All Products
Search
Document Center

DataWorks:DataHub data source

Last Updated:Jan 15, 2024

DataWorks provides DataHub Reader and DataHub Writer for you to read data from and write data to DataHub data sources. This facilitates fast computing for large amounts of data. This topic describes the capabilities of synchronizing data of DataHub data sources.

Supported DataHub versions

  • DataHub Reader reads data from DataHub by using DataHub SDK for Java. The following code provides an example of DataHub SDK for Java:

    <dependency>
        <groupId>com.aliyun.DataHub</groupId>
        <artifactId>aliyun-sdk-DataHub</artifactId>
        <version>2.9.1</version>
    </dependency>
  • DataHub Writer writes data to DataHub by using DataHub SDK for Java. The following code provides an example of DataHub SDK for Java:

    <dependency>
        <groupId>com.aliyun.datahub</groupId>
        <artifactId>aliyun-sdk-datahub</artifactId>
        <version>2.5.1</version>
    </dependency>

Limits

Batch data read and write

Strings must be encoded in the UTF-8 format. The size of each string must not exceed 1 MB.

Real-time data read and write

  • Real-time synchronization tasks support only exclusive resource groups for Data Integration.

  • When you synchronize data to a DataHub data source in real time, the hash value of source data is verified. Data with the same hash value is synchronized to the same shard in the DataHub data source.

Real-time write of full and incremental data

After you run a synchronization solution, full data in the source is written to the destination by using batch synchronization tasks. Then, incremental data in the source is written to the destination by using real-time synchronization tasks. When you write data to DataHub, take note of the following points:

  • You can write data only to topics of the TUPLE type. For more information about the data types that are supported by a TUPLE topic, see Data types.

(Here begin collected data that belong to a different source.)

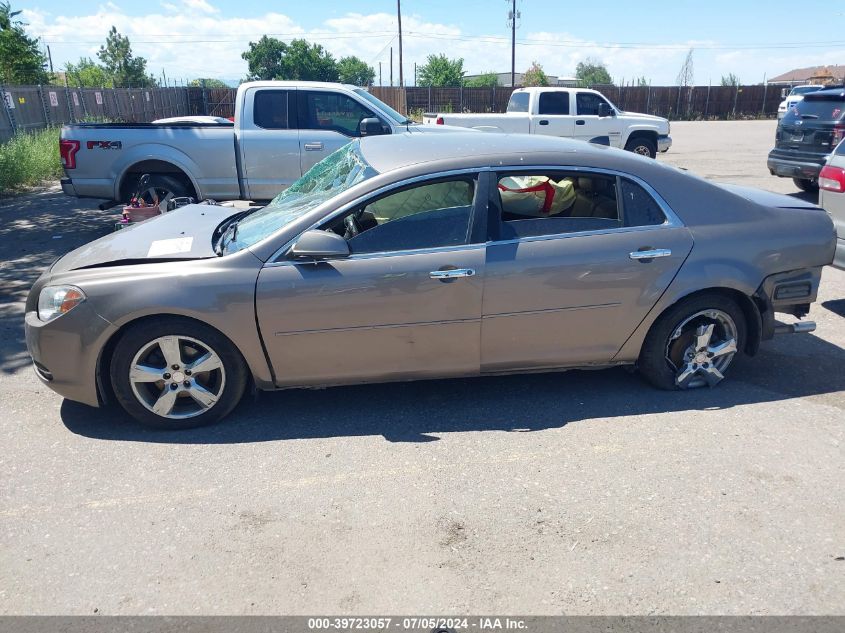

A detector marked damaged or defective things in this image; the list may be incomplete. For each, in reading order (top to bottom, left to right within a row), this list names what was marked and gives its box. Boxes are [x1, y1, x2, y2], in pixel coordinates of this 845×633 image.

crumpled hood [51, 202, 237, 272]
shattered windshield [223, 142, 374, 253]
damaged sedan [23, 134, 836, 430]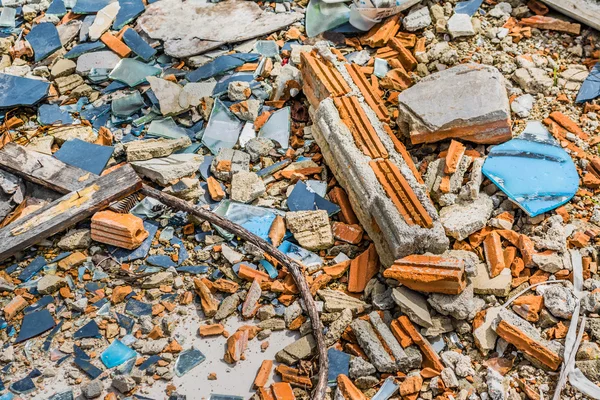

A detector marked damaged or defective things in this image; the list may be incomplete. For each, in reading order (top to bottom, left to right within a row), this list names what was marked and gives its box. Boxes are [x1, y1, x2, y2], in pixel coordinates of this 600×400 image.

shattered glass [202, 99, 244, 155]
shattered glass [258, 107, 290, 149]
shattered glass [480, 121, 580, 217]
broken red brick [370, 159, 432, 228]
broken red brick [90, 209, 149, 250]
broken red brick [346, 242, 380, 292]
broken red brick [384, 255, 468, 296]
broken red brick [482, 230, 506, 276]
shattered glass [173, 346, 206, 376]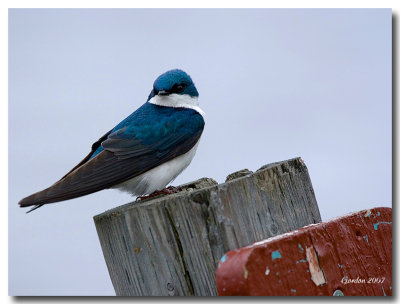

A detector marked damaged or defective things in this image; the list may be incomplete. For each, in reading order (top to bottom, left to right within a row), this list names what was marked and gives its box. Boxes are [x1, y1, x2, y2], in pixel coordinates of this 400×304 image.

peeling paint [306, 246, 324, 286]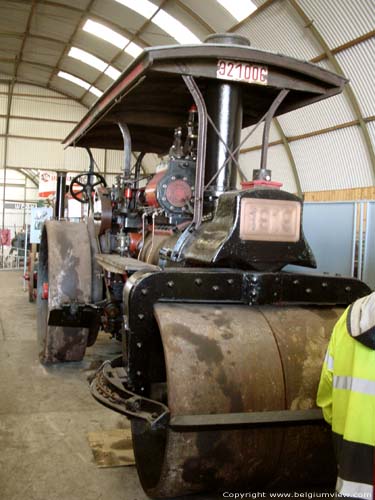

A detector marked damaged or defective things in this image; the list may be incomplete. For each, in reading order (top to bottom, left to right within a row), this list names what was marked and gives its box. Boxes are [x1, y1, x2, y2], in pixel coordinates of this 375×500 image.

  • When you run a real-time synchronization task to synchronize data to DataHub in real time, five additional fields are added to the destination topic by default. You can also add other fields to the destination topic based on your business requirements. For more information about the DataHub message formats, see Appendix: DataHub message formats.

Data type mappings

Data is synchronized based on the mappings between the data types of fields in DataHub and those in a specified service. DataHub supports only the following data types: BIGINT, STRING, BOOLEAN, DOUBLE, TIMESTAMP, and DECIMAL.

Develop a data synchronization task

For information about the entry point for and the procedure of configuring a data synchronization task, see the following sections. For information about the parameter settings, view the infotip of each parameter on the configuration tab of the task.

Add a data source

Before you configure a data synchronization task to synchronize data from or to a specific data source, you must add the data source to DataWorks. For more information, see Add and manage data sources.

Configure a batch synchronization task to synchronize data of a single table

Configure a real-time synchronization task to synchronize data of a single table or synchronize all data of a database

For more information about the configuration procedure, see Configure a real-time synchronization task in DataStudio.

Note

For information about support of different topic types for synchronization of data changes generated by operations on a source table, sharding strategies for different topic types, data formats, and sample messages, see Appendix: DataHub message formats.

Configure synchronization settings to implement (real-time) synchronization of full and incremental data in a single table or a database

For more information about the configuration procedure, see Configure a synchronization task in Data Integration.

FAQ

What do I do if data fails to be written to DataHub because the amount of data that I want to write to DataHub at a time exceeds the upper limit?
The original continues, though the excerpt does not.